# [TASK]
The lines from the one containing "vidaXL Cama com" through the final line of the listing below are what the answer must repeat, exactly and only, leaving pictures out.
== DATA
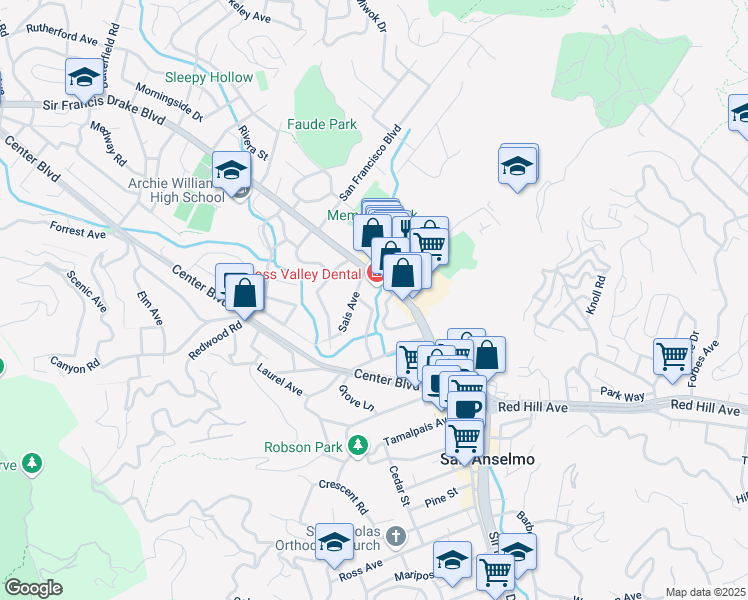 map of restaurants, bars, coffee shops, grocery stores, and more near 60 Nokomis Ave in San Anselmo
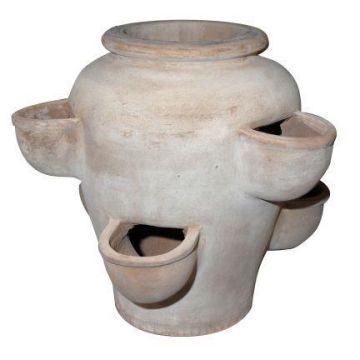 ILMORA terracotta herb tiered planter, handmade, brown, 48cm, Ø50cm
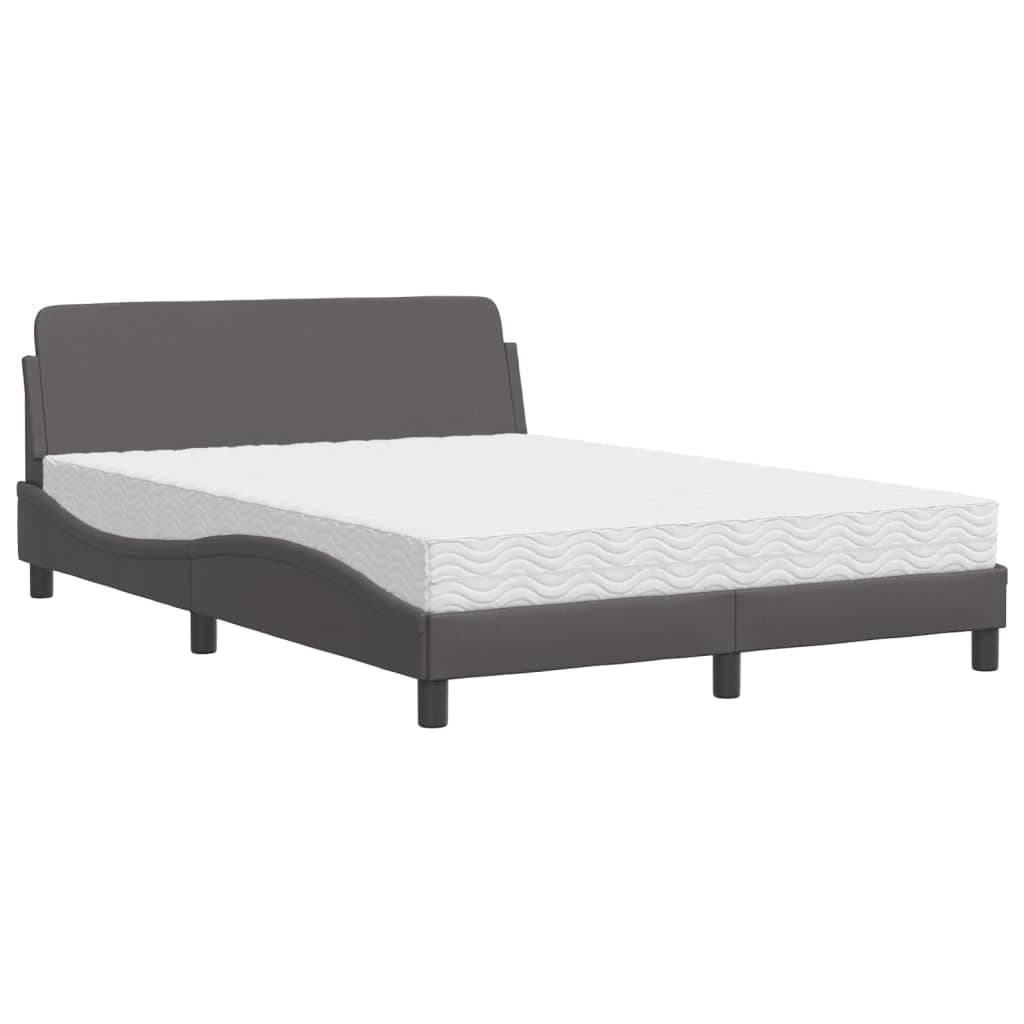 vidaXL Cama com colchão Dover 140x200 cm couro artificial cinzento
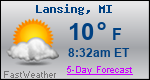 Weather Forecast for Lansing, MI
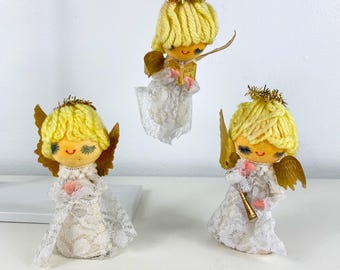 Vintage Christmas Angel Ornaments, Japan, Yellow Yarn Hair, Set of 3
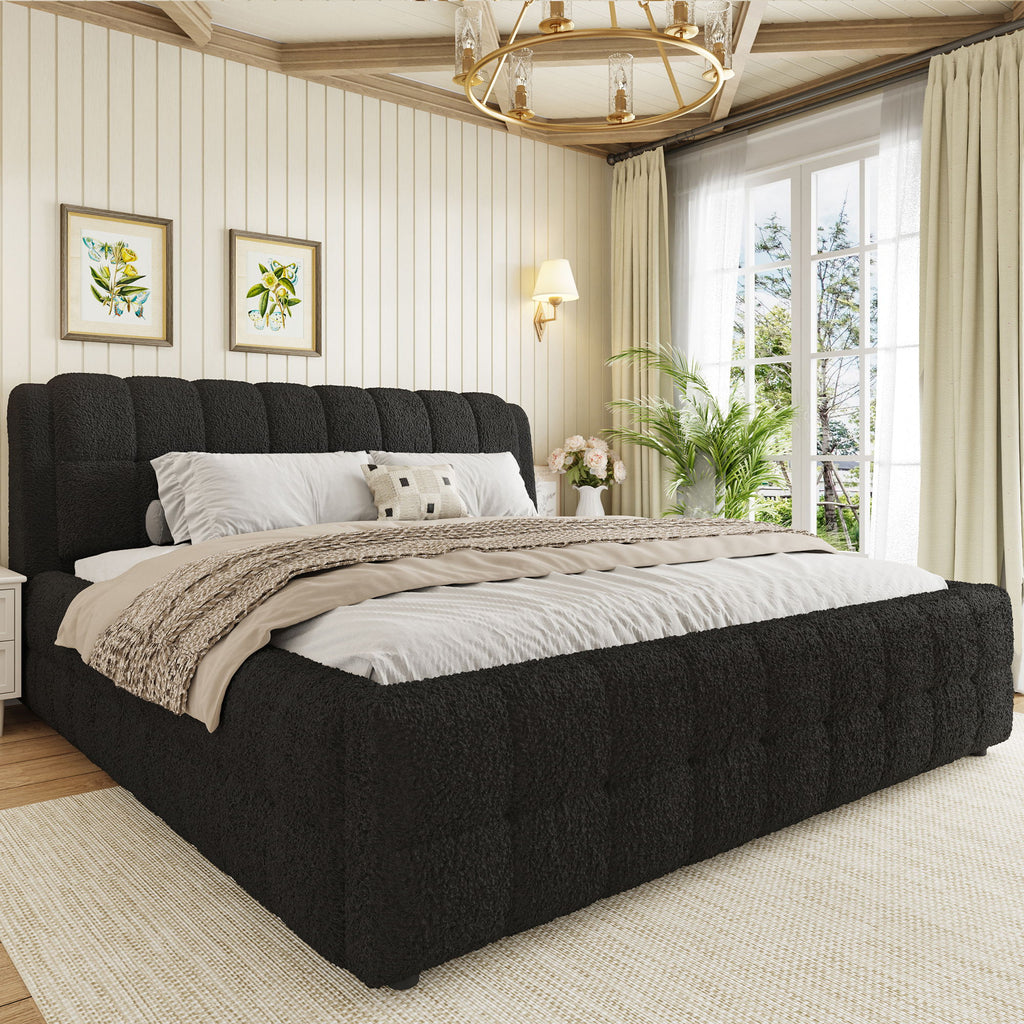 Upholstered Platform Bed With Stitching Details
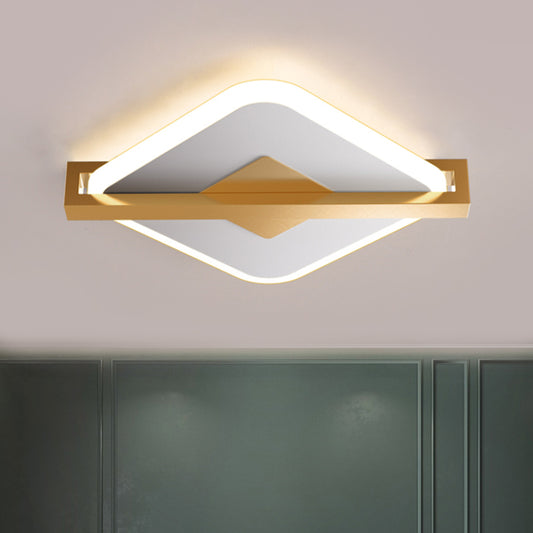 Black/White-Gold Rhombus Thin Flushmount Vintage Acrylic LED Ceiling Mount Light with Frame Guard White-Gold Clearhalo 'Ceiling Lights' 'Close To Ceiling Lights' 'Close to ceiling' 'Flush mount' Lighting' 1460656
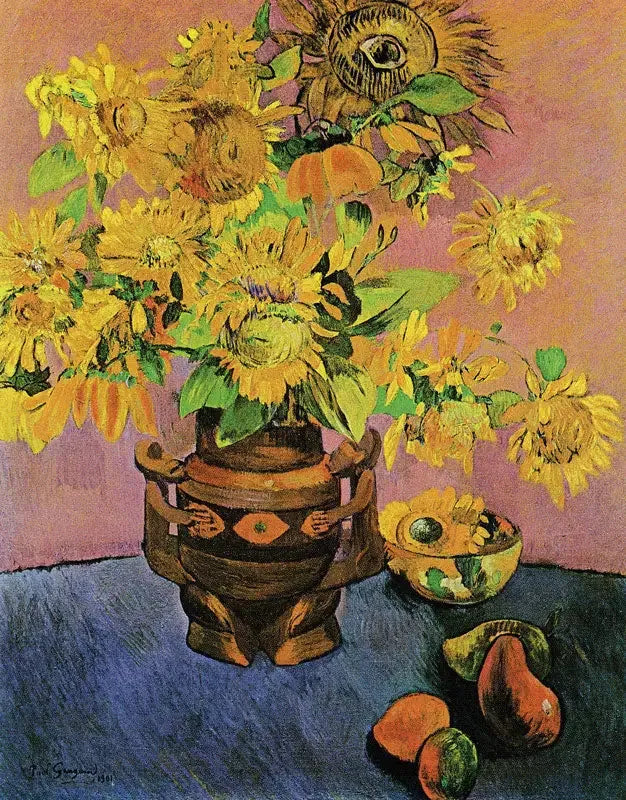 Kwiaty słonecznika i mango - Paul Gauguin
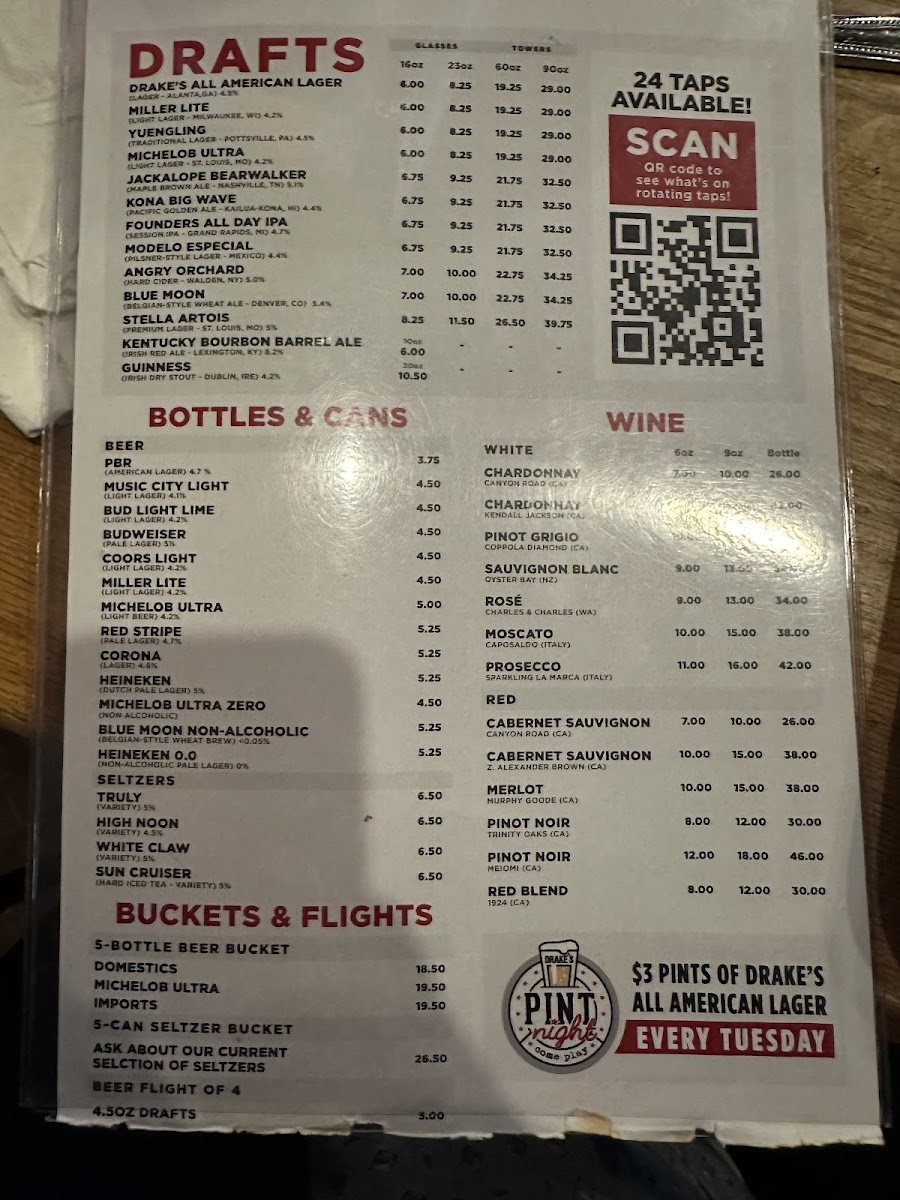 Menu Drake's Cool Springs-1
====
# [EXPECTED ANSWER]
 vidaXL Cama com colchão Dover 140x200 cm couro artificial cinzento
 Weather Forecast for Lansing, MI
 Vintage Christmas Angel Ornaments, Japan, Yellow Yarn Hair, Set of 3
 Upholstered Platform Bed With Stitching Details
 Black/White-Gold Rhombus Thin Flushmount Vintage Acrylic LED Ceiling Mount Light with Frame Guard White-Gold Clearhalo 'Ceiling Lights' 'Close To Ceiling Lights' 'Close to ceiling' 'Flush mount' Lighting' 1460656
 Kwiaty słonecznika i mango - Paul Gauguin
 Menu Drake's Cool Springs-1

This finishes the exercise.